For this task, output exactly the lines of the material below starting at the line with "Elmo would be" and ending at the line with "In conclusion, one"; pictures are to be excluded.

#### [INFORMATION PROVIDED]
+===+

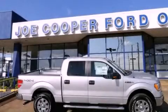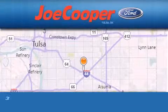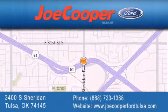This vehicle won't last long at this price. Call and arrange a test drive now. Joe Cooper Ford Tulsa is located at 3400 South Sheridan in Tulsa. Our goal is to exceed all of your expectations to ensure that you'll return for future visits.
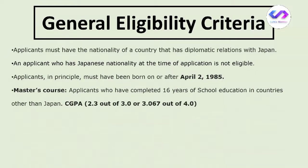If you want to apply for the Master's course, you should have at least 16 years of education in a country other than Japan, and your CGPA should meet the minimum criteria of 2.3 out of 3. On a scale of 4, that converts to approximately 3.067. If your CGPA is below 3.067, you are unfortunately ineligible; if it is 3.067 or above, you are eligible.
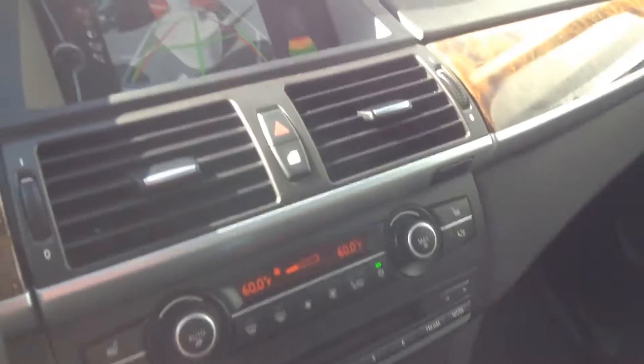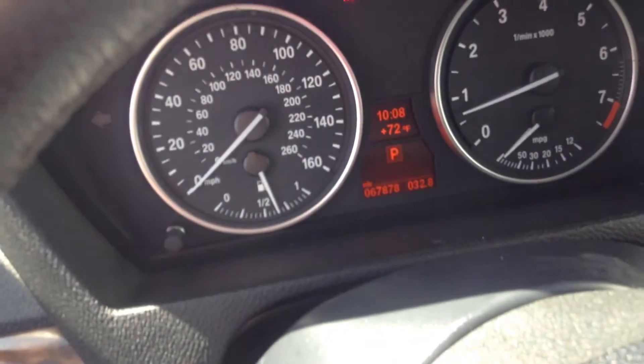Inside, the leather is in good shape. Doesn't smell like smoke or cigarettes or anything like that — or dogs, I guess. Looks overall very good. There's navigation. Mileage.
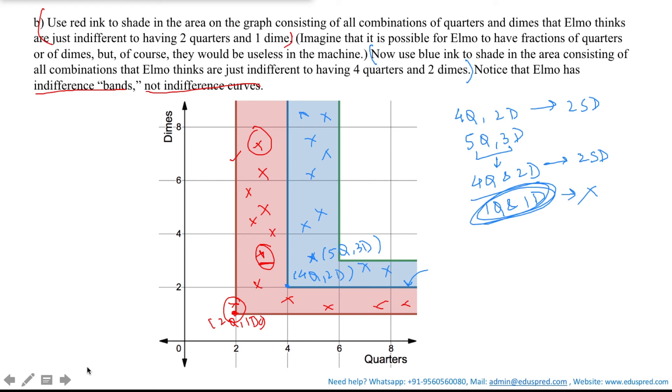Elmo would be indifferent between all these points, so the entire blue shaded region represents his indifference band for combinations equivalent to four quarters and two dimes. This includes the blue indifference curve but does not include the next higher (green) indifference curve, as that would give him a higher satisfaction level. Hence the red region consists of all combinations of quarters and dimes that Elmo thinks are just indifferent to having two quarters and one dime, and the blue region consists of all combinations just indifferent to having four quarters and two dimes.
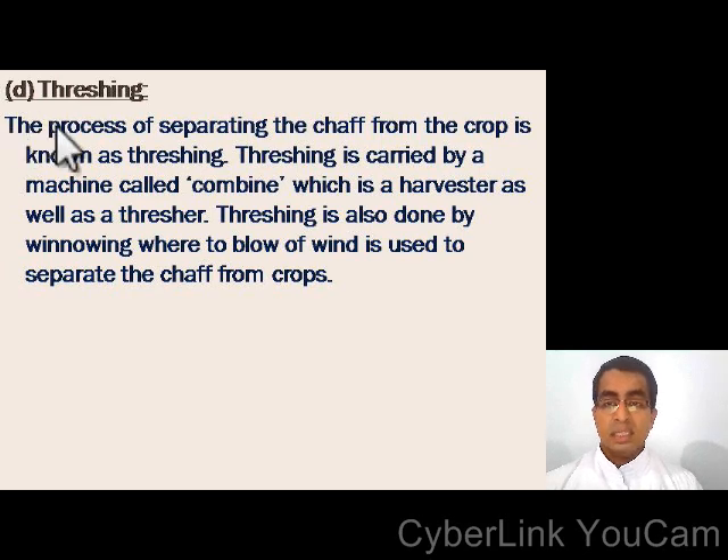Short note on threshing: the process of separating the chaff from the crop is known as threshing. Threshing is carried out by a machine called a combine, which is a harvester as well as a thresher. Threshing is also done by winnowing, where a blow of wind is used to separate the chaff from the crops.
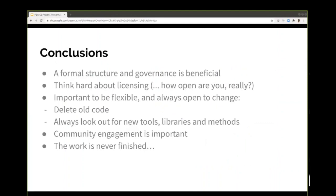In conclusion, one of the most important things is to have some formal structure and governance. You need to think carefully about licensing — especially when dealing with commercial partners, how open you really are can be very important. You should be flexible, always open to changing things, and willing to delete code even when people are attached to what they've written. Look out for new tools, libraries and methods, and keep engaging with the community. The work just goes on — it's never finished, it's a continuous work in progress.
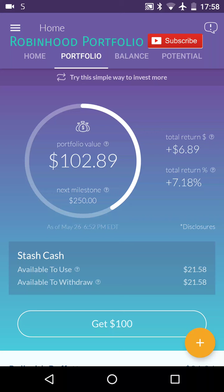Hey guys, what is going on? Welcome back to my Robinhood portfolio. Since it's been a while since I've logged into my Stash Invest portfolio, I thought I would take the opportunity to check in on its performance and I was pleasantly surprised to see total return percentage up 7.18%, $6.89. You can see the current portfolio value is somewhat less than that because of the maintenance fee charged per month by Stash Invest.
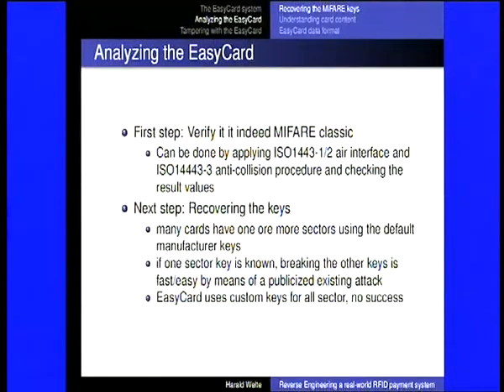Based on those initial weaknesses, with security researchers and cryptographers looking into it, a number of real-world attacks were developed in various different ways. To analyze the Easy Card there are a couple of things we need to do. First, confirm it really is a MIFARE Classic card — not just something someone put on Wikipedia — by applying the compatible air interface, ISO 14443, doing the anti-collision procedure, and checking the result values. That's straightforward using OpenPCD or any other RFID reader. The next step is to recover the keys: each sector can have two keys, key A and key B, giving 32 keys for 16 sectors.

+===+

#### [REPLY TO THE TASK]
Elmo would be indifferent between all these points, so the entire blue shaded region represents his indifference band for combinations equivalent to four quarters and two dimes. This includes the blue indifference curve but does not include the next higher (green) indifference curve, as that would give him a higher satisfaction level. Hence the red region consists of all combinations of quarters and dimes that Elmo thinks are just indifferent to having two quarters and one dime, and the blue region consists of all combinations just indifferent to having four quarters and two dimes.
Short note on threshing: the process of separating the chaff from the crop is known as threshing. Threshing is carried out by a machine called a combine, which is a harvester as well as a thresher. Threshing is also done by winnowing, where a blow of wind is used to separate the chaff from the crops.
In conclusion, one of the most important things is to have some formal structure and governance. You need to think carefully about licensing — especially when dealing with commercial partners, how open you really are can be very important. You should be flexible, always open to changing things, and willing to delete code even when people are attached to what they've written. Look out for new tools, libraries and methods, and keep engaging with the community. The work just goes on — it's never finished, it's a continuous work in progress.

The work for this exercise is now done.